La forma di Stato scelta è quella federale con il potere esecutivo esercitato da un governo federale e da quelli di ciascuno Stato federato. Il Parlamento federale è composto da due Camere: la Camera del popolo e la Camera alta; quest’ultima è una sorta di Senato federale con rappresentanti degli Stati membri. La Camera del popolo ha il potere di annullare le decisioni dell’altro ramo del parlamento con almeno la maggioranza dei due terzi.
Adeguato spazio è stato riservato alla tutela dei diritti umani la cui violazione da parte delle forze armate e di polizia sarà di competenza della magistratura ordinaria. Uno speciale ufficio dell’Ombudsman sarà incaricato di investigare sulle denunce in merito.
Percorso a tappe forzate
Il sistema giudiziario prevede una magistratura indipendente, ma con la Shari’ah quale riferimento diretto. Il relativo ordinamento prevede una Corte costituzionale, Corti federali e Corti locali.
Con la menzione diretta della Shari’ah nel testo costituzionale il legislatore ha voluto asserire che oltre a possedere una religione di Stato, la Somalia vuole seguire anche la tradizione giuridica islamica, pur utilizzando strumenti della tradizione occidentale quali i codici e la Costituzione scritta.
In tale contesto il Gruppo internazionale di contatto sulla Somalia, foro periodico di consultazioni e coordinamento fra gli attori maggiormente impegnati a favore del processo di pace in Somalia, riunitosi recentemente in Italia, ha espresso un cauto ottimismo in merito allo stato di attuazione del processo di riforme.
Dopo il 20 agosto la Comunità internazionale dovrà pertanto individuare le azioni più incisive per gestire il periodo post-transitorio. La presenza delle Nazioni Unite potrà concretizzarsi in una nuova missione di mantenimento della pace o in un mandato rafforzato del proprio ufficio per la Somalia (Unpos). L’ipotesi di un Joint Financial Management Board, meccanismo proposto dalla Conferenza di Londra del 23 febbraio scorso per il monitoraggio congiunto tra Autorità somale e attori internazionali dei flussi finanziari in entrata nel paese, non è ancora stata confermata.

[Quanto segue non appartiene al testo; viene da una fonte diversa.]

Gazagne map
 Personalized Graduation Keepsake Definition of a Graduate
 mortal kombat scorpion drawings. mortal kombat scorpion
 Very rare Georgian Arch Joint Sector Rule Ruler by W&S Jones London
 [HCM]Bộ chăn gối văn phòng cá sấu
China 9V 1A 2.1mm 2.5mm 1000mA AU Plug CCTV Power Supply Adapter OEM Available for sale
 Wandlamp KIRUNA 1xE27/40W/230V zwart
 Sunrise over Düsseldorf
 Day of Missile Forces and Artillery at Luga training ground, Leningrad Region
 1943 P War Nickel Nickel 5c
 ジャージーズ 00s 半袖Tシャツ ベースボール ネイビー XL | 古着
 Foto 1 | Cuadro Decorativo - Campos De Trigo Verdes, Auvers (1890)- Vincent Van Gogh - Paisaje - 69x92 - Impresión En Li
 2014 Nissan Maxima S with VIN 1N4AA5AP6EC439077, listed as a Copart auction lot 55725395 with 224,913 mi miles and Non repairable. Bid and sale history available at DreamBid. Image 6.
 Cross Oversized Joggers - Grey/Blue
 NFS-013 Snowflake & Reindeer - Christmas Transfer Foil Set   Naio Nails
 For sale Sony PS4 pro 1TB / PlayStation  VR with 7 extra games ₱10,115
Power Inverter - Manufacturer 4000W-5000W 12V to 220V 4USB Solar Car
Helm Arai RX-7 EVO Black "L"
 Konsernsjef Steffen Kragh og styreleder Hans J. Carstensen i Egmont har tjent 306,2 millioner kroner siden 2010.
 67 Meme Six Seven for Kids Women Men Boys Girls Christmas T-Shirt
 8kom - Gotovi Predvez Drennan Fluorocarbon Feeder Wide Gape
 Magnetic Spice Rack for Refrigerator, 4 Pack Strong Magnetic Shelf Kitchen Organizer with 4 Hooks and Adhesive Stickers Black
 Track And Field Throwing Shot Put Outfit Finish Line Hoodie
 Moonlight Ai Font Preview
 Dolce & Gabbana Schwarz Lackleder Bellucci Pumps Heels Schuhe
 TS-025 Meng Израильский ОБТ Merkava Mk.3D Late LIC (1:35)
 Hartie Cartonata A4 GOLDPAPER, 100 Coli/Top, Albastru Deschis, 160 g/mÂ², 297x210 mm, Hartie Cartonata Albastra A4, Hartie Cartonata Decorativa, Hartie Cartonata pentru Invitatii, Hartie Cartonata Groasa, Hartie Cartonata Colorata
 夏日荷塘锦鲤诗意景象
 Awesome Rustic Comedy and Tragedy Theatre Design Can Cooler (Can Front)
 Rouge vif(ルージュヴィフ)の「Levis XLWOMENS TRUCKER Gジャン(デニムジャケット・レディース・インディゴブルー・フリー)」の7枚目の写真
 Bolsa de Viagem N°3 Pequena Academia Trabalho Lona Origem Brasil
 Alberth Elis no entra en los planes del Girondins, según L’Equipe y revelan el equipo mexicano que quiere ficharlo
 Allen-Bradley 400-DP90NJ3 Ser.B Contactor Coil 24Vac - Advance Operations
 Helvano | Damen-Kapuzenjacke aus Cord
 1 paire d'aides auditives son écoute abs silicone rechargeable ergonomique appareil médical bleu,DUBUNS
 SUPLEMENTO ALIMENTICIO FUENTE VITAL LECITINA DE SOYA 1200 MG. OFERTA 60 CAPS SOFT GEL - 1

I progressi sono dunque considerevoli rispetto alle condizioni di partenza. Non di meno la sicurezza, pur registrando discreti incrementi, rimane l’aspetto più preoccupante. I risultati conseguiti a Mogadiscio devono quindi essere estensibili ad altre regioni. Una proposta turca di istituire un nuovo fondo a sostegno del settore della sicurezza, accolta con favore da molti paesi, suscita tuttavia perplessità tra quanti temono duplicazioni e scollamenti dal sistema di sicurezza delle Nazioni Unite, indebolendo il quale potrebbero affacciarsi nuovamente le radicalizzazioni ideologiche e religiose.
L’impegno più significativo in materia continuerà ad essere assicurato dalla missione Amisom, finanziata principalmente dall’Unione europea, la cui efficacia militare è stata confermata dalle recenti sconfitte di Al Shabaab, la cui roccaforte resta però Chisimaio, uno dei principali porti commerciali somali.
Con tutte le incertezze del caso, il successo della road-map e le conseguenti riforme, l’azione militare e la progressiva frammentazione interna al movimento terroristico somalo potrebbero far ben sperare nel futuro di un paese purtroppo ancora annoverato nella categoria degli “Stati falliti”.